The agency published a screening report on its website that identified a carcinogenicity risk for infants from exposure to the substances.
A call for evidence in support of a possible restriction proposal took place between 13 December and 8 February, and received 17 responses.
TCPP and TDCP are used as flame retardants in flexible PUR foams in products such as baby mattresses, car safety seats, baby slings and residential upholstered furniture.
Although TCEP is not in use in the EU, Echa says it may be present as an impurity in other commercial flame retardants or in imported articles.
The three substances are being treated as a group because they have similar uses and are structurally and toxicologically similar.
Baby mattresses were identified as posing the highest carcinogenicity risk to infants, due to the large contact surface area and long duration of contact. A risk of reproductive effects from TCEP and TCPP in mattresses was also identified.
The report says that mattresses for adults may need to be included as well since infants often sleep in their parents’ bed.
Echa now requires a request from the European Commission to initiate preparation of a formal proposal for the REACH Annex XV restriction.
Call for wider scope
The European Furniture Industries Confederation, Efic, submitted a position paper in response to Echa’s call for evidence.
In the paper, Efic president Markus Wiesner says that the restriction proposal should have a wider scope than foam in residential furniture because flame retardants are principally used in public contract furniture throughout the EU.
He says: “In these segments of the furniture market, open flame tests leading to the use of flame retardant chemicals are often requested by regulation, buyers or public authorities.”

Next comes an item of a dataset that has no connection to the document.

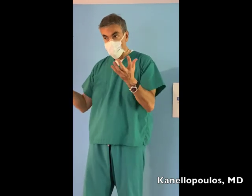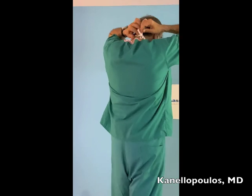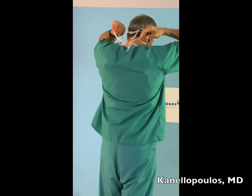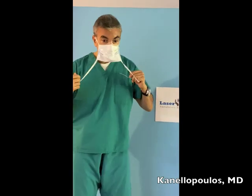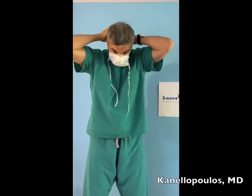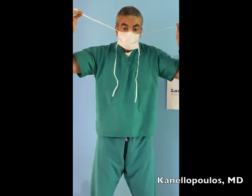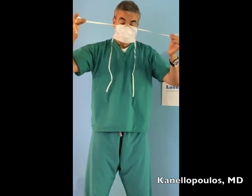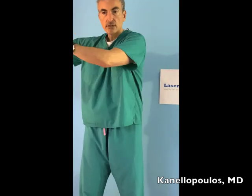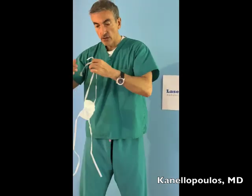To remove the mask: wash your hands or clean your gloves. Go to the lower tie first — remember I made a releasable knot — release that. Then go to the second knot, release that, not touching the surface of the mask. Take off the tape and dispose. If you go and touch the surface of the mask, you'll contaminate yourself.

Efic also says a restriction should be applied to textiles, as well as PUR foam.
Although Echa recommends an EU-wide restriction, the report says that the UK and Ireland may be exempted or given the choice to opt-out of the ban under certain conditions.
In the UK and Ireland, flammability standards for residential upholstered furniture and some childcare articles require the use of fire retardants.

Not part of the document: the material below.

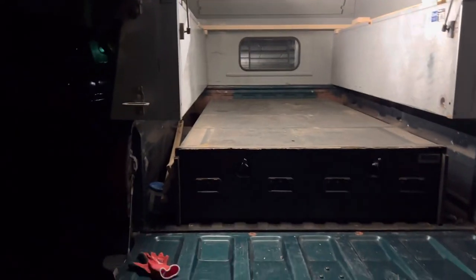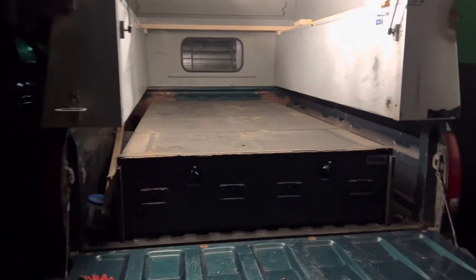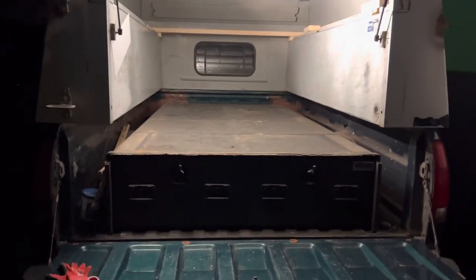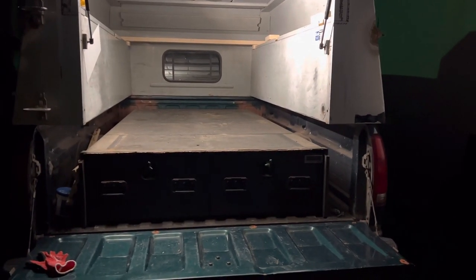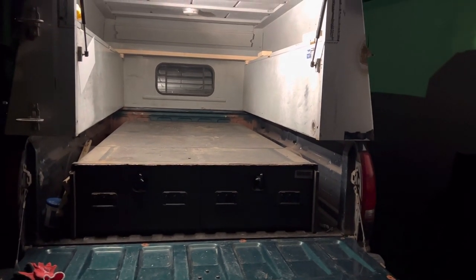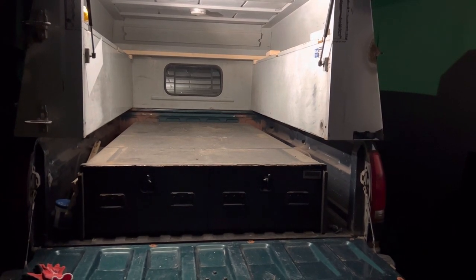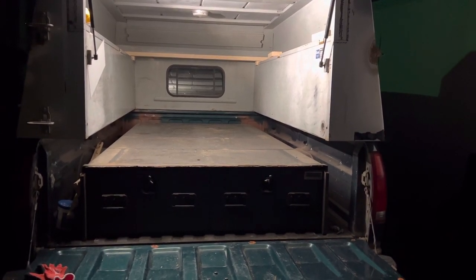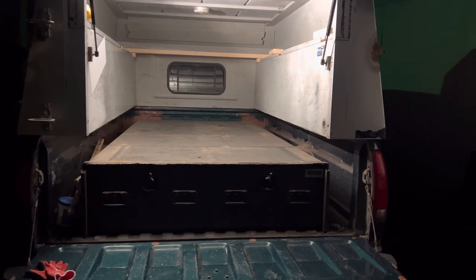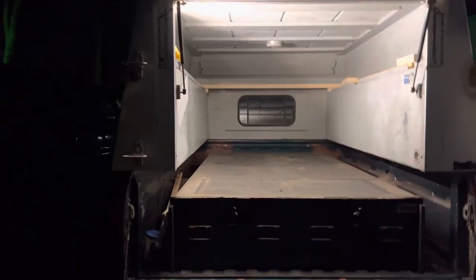Honestly I don't carry a lot of sheets anyway. I have trailers — there's a four-by-eight trailer right here, and I also have a dump trailer and an equipment trailer I can use for that. This will be good for small jobs, a few sheets of plywood. For three-quarter inch, I can probably get around eight sheets in there.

Other member states only require flame retardants to meet flammability standards for certain products on the office furniture, contract and public markets.
Mr Wiesner says: “A national-based approach would jeopardise consumers’ protection across the EU. It would also set different levels of competitions and barriers to trade in the single market for companies.”
Efic is a member of the Alliance for Flame Retardant-Free Furniture, a coalition of 10 organisations which campaigns for fire safety regulations that are harmonised across the EU, but do not require the use of flame retardants.
It lodged a legal complaint with the European Commission against the UK and Irish Fire Safety Regulations in 2016, on the grounds that they pose a barrier to trade in the single market. The Commission told Chemical Watch it is still considering the complaint.
More than a dozen US states have restricted some categories of flame retardants.
Washington state’s Toxic-Free Kids and Families Act, restricts the use of five flame retardants in children’s products and residential upholstered furniture.
On a national level, the Consumer Product Safety Commission (CPSC) voted in September to grant an NGO’s petition to prohibit the use of organohalogen flame retardants in furniture and several other household product categories.